BMJ Case Reports 2013; doi:10.1136/bcr-2012-007729
  • Rare disease

Idiopathic thrombocytopenic purpura during pregnancy

  1. Rosa Zulmira
  1. Centro Hospitalar do Porto, Maternidade Júlio Dinis, Obstetrics and Gynaecology Department, Porto, Portugal
  1. Correspondence to Dr Gonçalo Inocêncio, inocencio{at}


Idiopathic thrombocytopenic purpura is a very rare disease, especially during pregnancy. It is characterised by low platelet count and predominantly muco-cutaneous bleeding. There are many forms to monitor and treat these patients. Here, we present a case of a pregnant woman, with idiopathic thrombocytopenic purpura, who was submitted to treatment only when the platelet count was below 10 000/μl, with human intravenous immunoglobulin. During the evolution of pregnancy, caesarean delivery and puerperium were favourable.

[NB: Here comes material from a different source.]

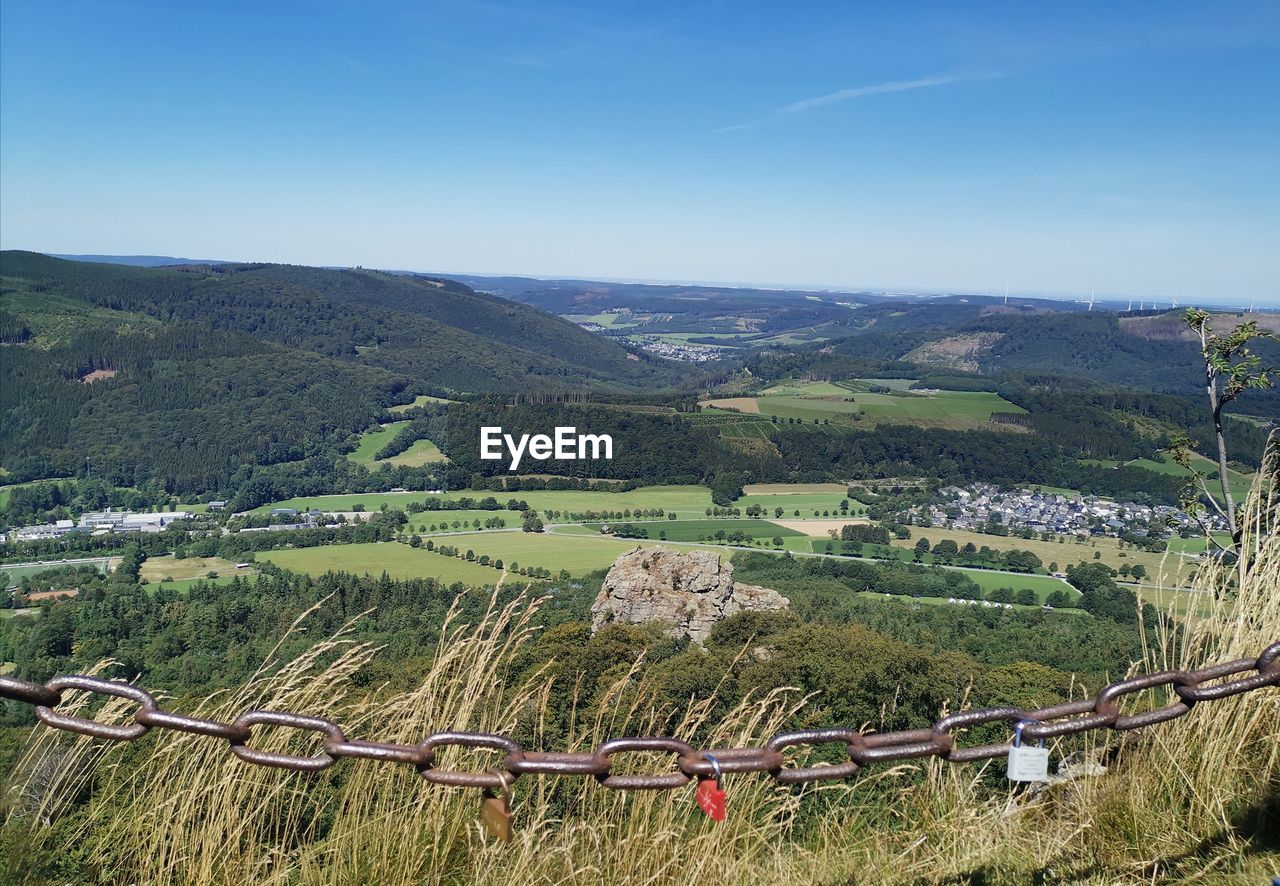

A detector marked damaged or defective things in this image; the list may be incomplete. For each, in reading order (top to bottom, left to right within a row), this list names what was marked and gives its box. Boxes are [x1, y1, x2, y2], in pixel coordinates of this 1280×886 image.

Idiopathic thrombocytopenic purpura, also known as immune thrombocytopenic purpura, is an acquired disease of unknown cause, usually benign, characterised by thrombocytopenia.

Data from international epidemiological studies in adults provide an estimated incidence of 1.6–2.7 cases/100 000 individuals/year.1 A part of this number will include women in their reproductive age, and therefore, pregnancy.

Despite the unknown aetiology, some autoantibodies usually IgG, were recognised,  and directed to antigens in platelets membrane.

Idiopathic thrombocytopenic purpura is predominantly associated with haemorrhagic symptoms, such as: petechiae, ecchymosis, mucosal bleeding (gingival, nasal, urinary and digestive tract), menorrhagia, which correlates with platelet count (more common and clinically significant when they are <20 000/μl, but mainly when they are less than 10 000/μl).

The description of this case is very important because of its rarity in pregnant women and because there are a large variety of monitoring and treatment options.

Outcome and follow-up

For 35 years, Gravida 2 Para 1, was monitored by haematology since the diagnosis of idiopathic thrombocytopenic purpura in her first pregnancy (the newborn had thrombocytopenia at birth). She was referred to obstetrics consultation at 6 weeks of gestation. During her first trimester of pregnancy, the platelet count ranged between 10 000 and 20 000/μl, without haemorrhagic symptoms. At this point, we opted for expectant management and clinical surveillance.

At 25 weeks of gestation, the pregnant woman presented less than 10 000/μl platelets, with no bleeding history. We could treat her with corticosteroids, human intravenous immunoglobulin, immunosuppressants (such as mycophenolate mofetil or azathioprine), thrombopoietin receptor agonists or less commonly used platelet transfusion or splenectomy. We opted for human intravenous immunoglobulin—1 g/kg/day for 2 days. After treatment for 1 week with intravenous immunoglobulin (IVIg), she presented 315 000/μl platelets.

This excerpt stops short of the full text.